O processo de transição do sistema de partido único para o sistema democrático e pluralista decorreu num ambiente de relativa tranquilidade, tendo os diversos protagonistas cumprido o seu papel.
Contudo, convém frisar que o 13 de janeiro de 1991 não foi, definitivamente, uma dádiva: foi, inequivocamente, uma conquista.

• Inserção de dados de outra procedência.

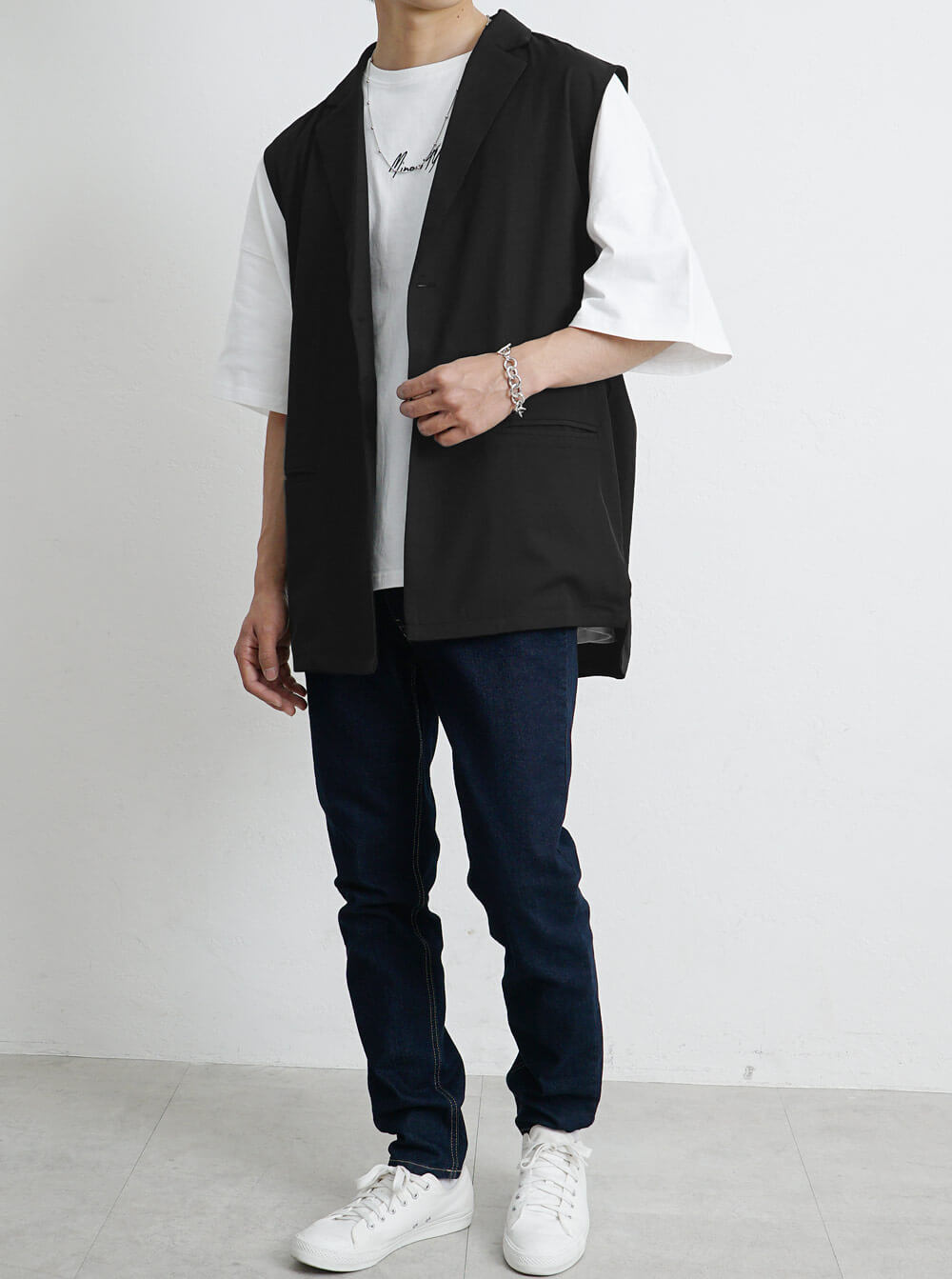 とろみ素材テーラードロングジレを使ったYシルエットスタイル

P. S.: A propósito da retirada dos quadros de Tchalé Figueira da exposição no Palácio da Assembleia Nacional:
Os fundamentos ou as justificações utilizadas pela Administração da Assembleia Nacional não são convincentes. E revelam, por um lado, precipitação na tomada de decisão e, por outro, falta de coragem para assumir a postura proibicionista, utilizando o pretexto a presença de estudantes no espaço da exposição para agir como agiu.

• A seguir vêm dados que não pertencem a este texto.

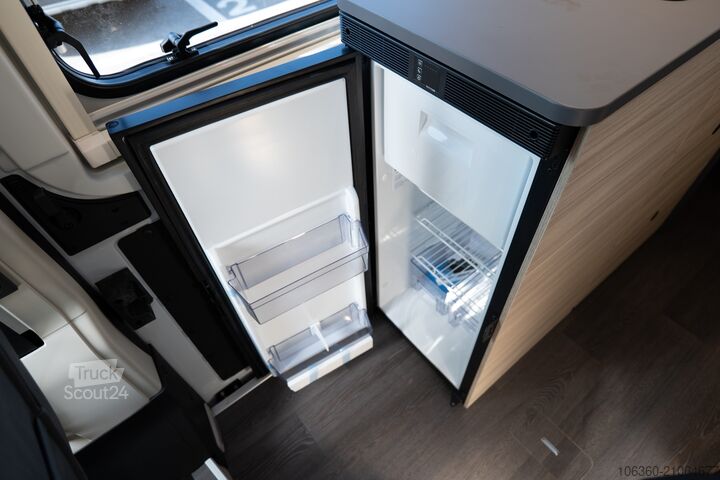 SUNLIVING V 55 SP TENTTOP - COMFORT EDITION MINI VAN Z W.C., NOVO SUNLIVING V 55 SP TentTop - COMFORT EDITION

A precipitação revela-se quando age sozinha que nem os “guardas da revolução”, sem nenhuma concertação com o dono da exposição, ao que parece, o governo;
A falta de coragem manifesta-se quando não se assume o preconceito e a defesa de uma certa moralidade (será a moralidade oficial?), e se faz passar por protetor de crianças “indefesas e ignorantes”.
Será que se trata de uma crítica às escolas que, supostamente, não ensinariam aos estudantes o corpo humano, as formas dos órgãos, as funções dos orgãos reprodutores e a sexualidade?
E se fosse um quadro, mostrando um cão a copular uma cadela, coisa banal nas ruas das nossas cidades, haveria, também, esse impulso castrador?
É que a diferença entre um cão e o homem reside no fato de a moralidade pública do cão coincidir a sua moralidade privada.
Um grande tiro nos próprios pés que só não dá demissão, porque, afinal, estamos num país de brandos costumes.
Lembro-me do senhor numa entrevista na rádio, em 90, a pôr “paninhos quentes” sobre a queda do artigo 4°. Quem foram os actores, personagens das negociações? É pena omitirem tantos factos importantes.
Caro Sr. Castilo
Fui um dos integrantes da delegação do MPD nas negociações com o PAICV. Se quiser ter mais informação basta-lhe consultar os jornais da época.
Concordo totalmente com o JAR. Lembro-me perfeitamente desses embates políticos; lembro-me do Eurico Monteiro a chefiar a delegação do MpD e o Corsino Fortes a do Paicv. Lembro-me dos desvarios do Paicv a tentar salvar um regime que, diga-se, começou a cair com a visita do Papa João Paulo II. Lembro-me também, dos embates e debates na rádio, com Jacinto Santos a deixar na “lona” a Cristina Fontes; lembro do PP a dizer que não debatia com Carlos Veiga, porque Veiga era seu funcionário. De facto, se fosse pela vontade do Paicv, as eleições supostamente livres, seriam apenas para grupo de cidadãos, mas nas municipais e, gradualmente, eleições controladas para o parlamento, com o Paicv como força luz e guia da sociedade. Lembro-me, também do lema do Paicv, nas primeiras eleições: “nada de aventuras”! Com isto, dizia o Paicv, o País não estava preparado para ser livre, pelo que, dizia o Paicv, o País precisava de alguma ditadura para aprender e apreender a conviver com a liberdade. Lembro-me ter visto e ouvido JMN em Santa Catarina, a falar mal da democracia, do multipartidarismo. Andou bem o MpD ao esticar a corda. É preciso não ter ilusões, nem o Paicv de PP, nem o Paicv do Aristides Lima, nem o Paicv de JMN, nem o Paicv de JHA são amigos da democracia e da liberdade. O habitat natural do Paicv é a ditadura, a repressão, o totalitarismo. Ainda, em pleno parlamento, assiste-se a rancores do Paicv, contra a Liberdade e Democracia.
Correção: onde se lê Corsino Fortes, deve ler-se Corsino Tolentino.